McMahon, who was living at a separate flat on the farm, pleaded guilty at Burnley Crown Court to being concerned in the production of cannabis and was jailed for 23 months.

Kate Hammond, prosecuting, told the court the farm owner had set up a tenancy agreement with McMahon for the bungalow and ‘she didn’t even have a key to the premises’.

The court heard how police searched McMahon’s flat on the farm and found ‘cannabis related paraphernalia’, keys for the bungalow, documents showing knowledge of growing cannabis, a price list for purchased items and piping matching the irrigation system.

When interviewed by police, McMahon denied having access to the bungalow and claimed another man had started renting it six weeks earlier and ‘lads were coming back and forth’.

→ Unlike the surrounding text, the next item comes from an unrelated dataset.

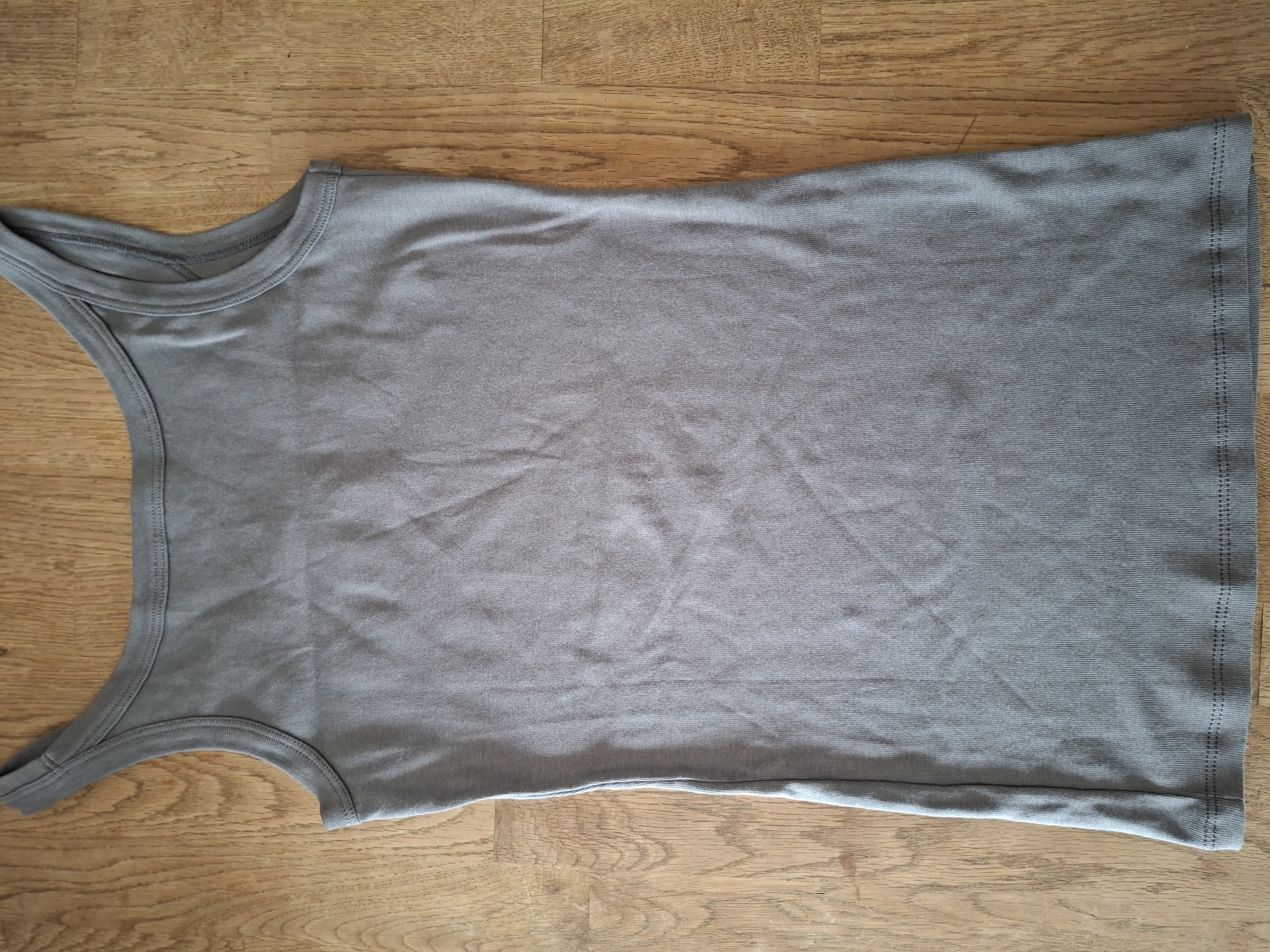 Benetton grijs hemdje geborduurd logo maat S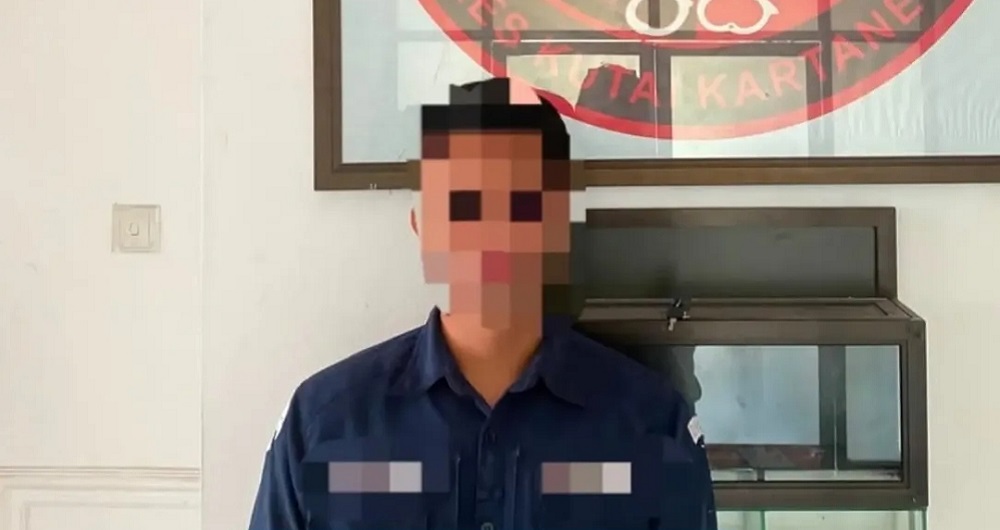 Pria Inikah Pelaku Pembakaran Kantor Diskominfo Kutai Kartanegara?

Miss Hammond told the court: “Money was clearly expended and he (McMahon) certainly had quite a role obtaining the premises, getting the lease signed and setting up the whole set up.”

Jonathan Turner, defending, said McMahon didn’t have a ‘significant role’ and there was ‘no evidence he was involved in the operating or management function’.

He said: “His role was to fit the hydroponic system, describe how it was to work and leave. He didn’t see the plants going into that building, but he was aware someone was attending on a daily basis.”

Mr Turner said McMahon had been living in a ‘small holding’ outside Toulouse in France and returned to the UK after his daughter and son’s partner had both had children.

Judge Simon Newell said it was a ‘sophisticated and professional operation’ and Bernard McMahon played an ‘essential function’.

Sentencing, he said: “It seems to be a very well organised and engineered structure and processing plant for the growing of cannabis.

“Because you are a person who doesn’t believe that cannabis is a restricted drug, you use such knowledge as you have, and it seems to me to be professional, sophisticated and experiences information, to assist another man who had rented the bungalow.

"You helped him set up this system and told him where to get the equipment and put it in place.

“The organisation of which you had been a part, although I accept not the prime mover, was clearly an organisation that was into the wholesale production of cannabis on a commercial way.

“There is no possibly way 3.12kg could be considered personal use or even for use among a very small circle of people.

“Without your expertise this cannabis farm could not have been set up in the sophisticated and professional way it was if it hadn’t been for you.

"It is not a limited function therefore, it was an essential function.”